My in-laws are downsizing and moving to a one-story house closer in, as retirees tend to do, so I am losing my pet cemetery in the heavily wooded part of their lot in a neighboring county.

It was a great cemetery, accessible by a makeshift path and overlooking a very deep creek bed below. When we arrived with our first cat to bury, Merly, there were already two others on the bluff, my sister-in-law's cat, Elvis, and my other sister-in-law's dog Beagle Bailey. We sort of knew about Bailey, but Elvis was only discovered because we hit a towel after digging into the perfect spot and my husband became suspicious the grave was already occupied.

It was a very hot July day. My in-laws were at the beach so we were alone at the house and this was our first shared pet to die on us, and we were distraught. Somehow, my husband's eyeglasses fell out of his breast pocket into the grave and he didn't notice they were gone until he was done refilling Elvis' grave. So he had to dig the hole again.

We found the second best spot and left Merly there with many tears, arriving back home with many ticks on us. Over the seasons, we'd add a ceramic marker with her name and more big rocks. Then we added another cat, Red, also in July. This time my husband was leaving to play a show in West Virginia the morning she died, so I had to go to the cemetery alone and get my stepfather-in-law to dig the grave.


This past February, we made our first winter outing to the cemetery to bury Arbee, and this time when we came back weeks later with the ceramic marker, we added more rocks purchased from a quarry to all the graves and colorful pinwheels that spun in the breeze and communicated comfort to the matching pinwheels in my yard at home.

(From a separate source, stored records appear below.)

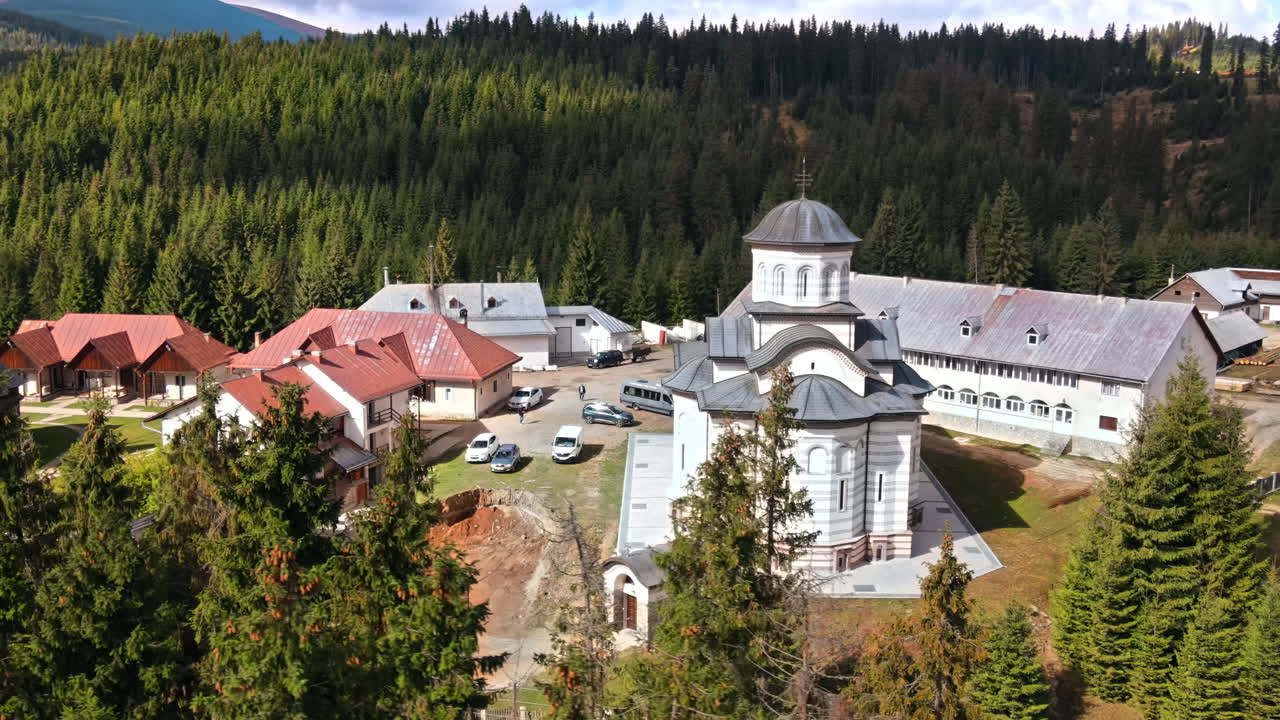 Aerial drone view of the Oasa Monastery in Romania. Churches, visitors, parked cars, carpathian mountains, hills covered with forest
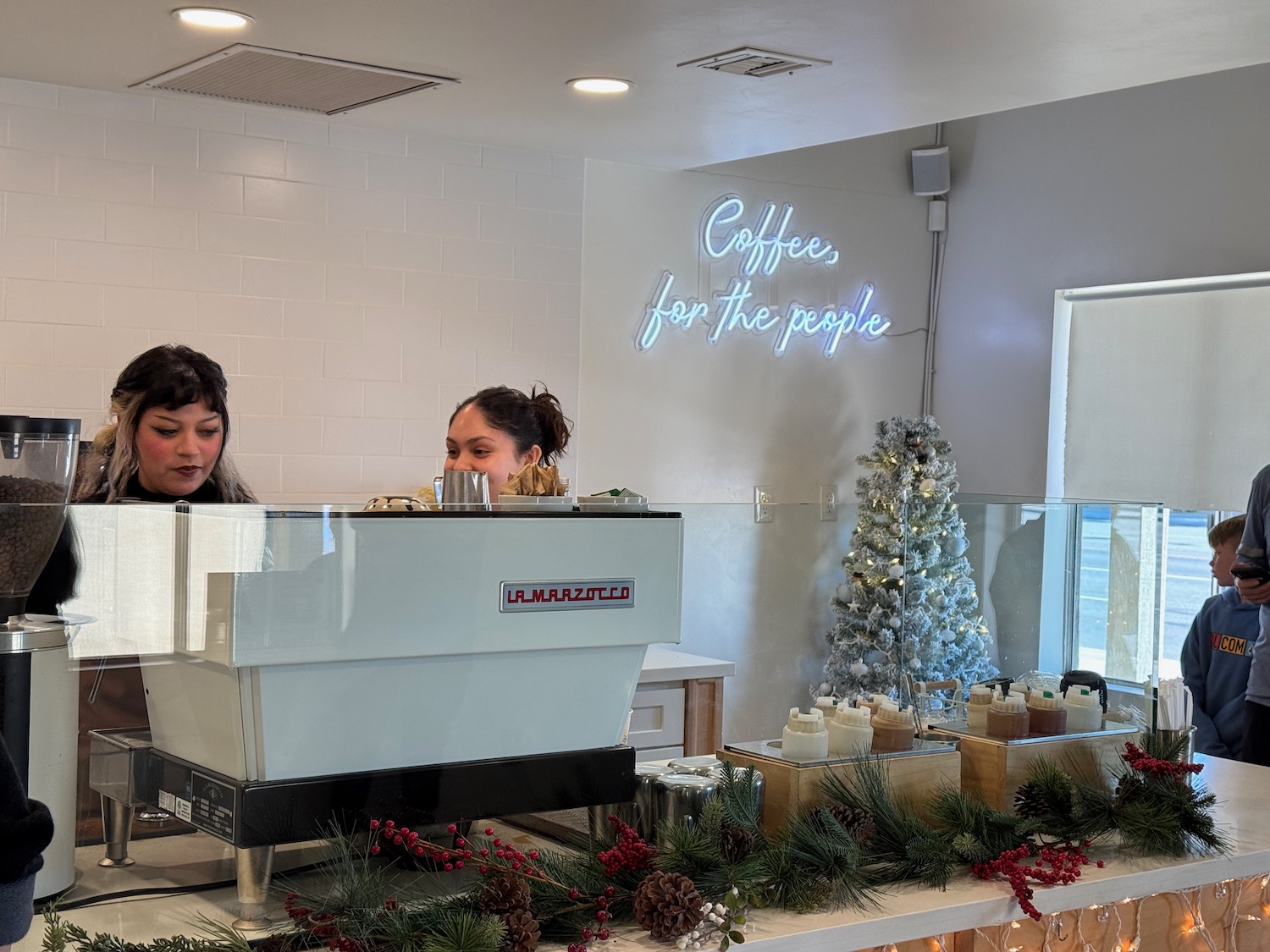 two women behind a counter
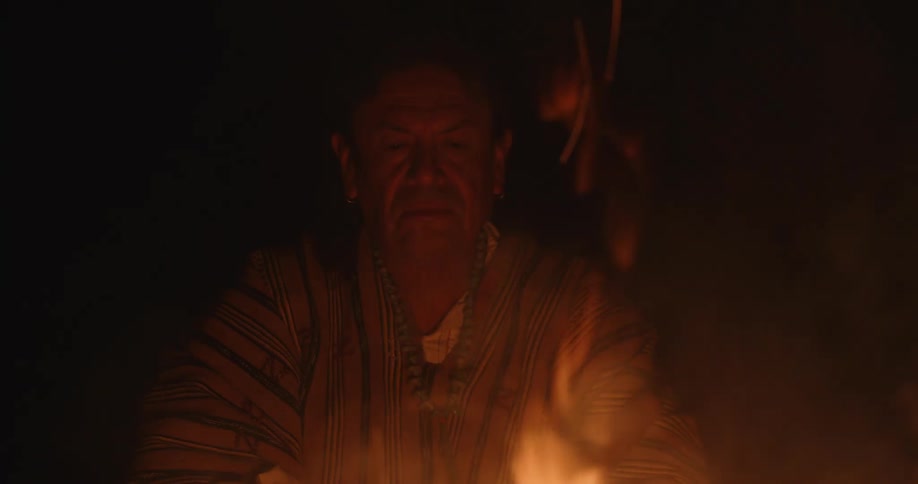 A man is sitting near a campfire watching the sparks and flames rise among the smoke in the darkness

But I don't want to leave all that to strangers who will be buying the house. It is time to part. It is not unbearable. My first cat of 18 years, is buried in the yard of my husband's childhood home, which has since been sold and is no longer accessible to us. Her companion, who lived to 17, was buried in my in-law's first house, which they sold. That time they exhumed all the dogs in their yard for cremation, and my cat was in the crowd. Her ashes reside in a little doghouse on their mantle. I really don't think about her being there or anywhere. And after 20 years, it's hard to remember those two at all.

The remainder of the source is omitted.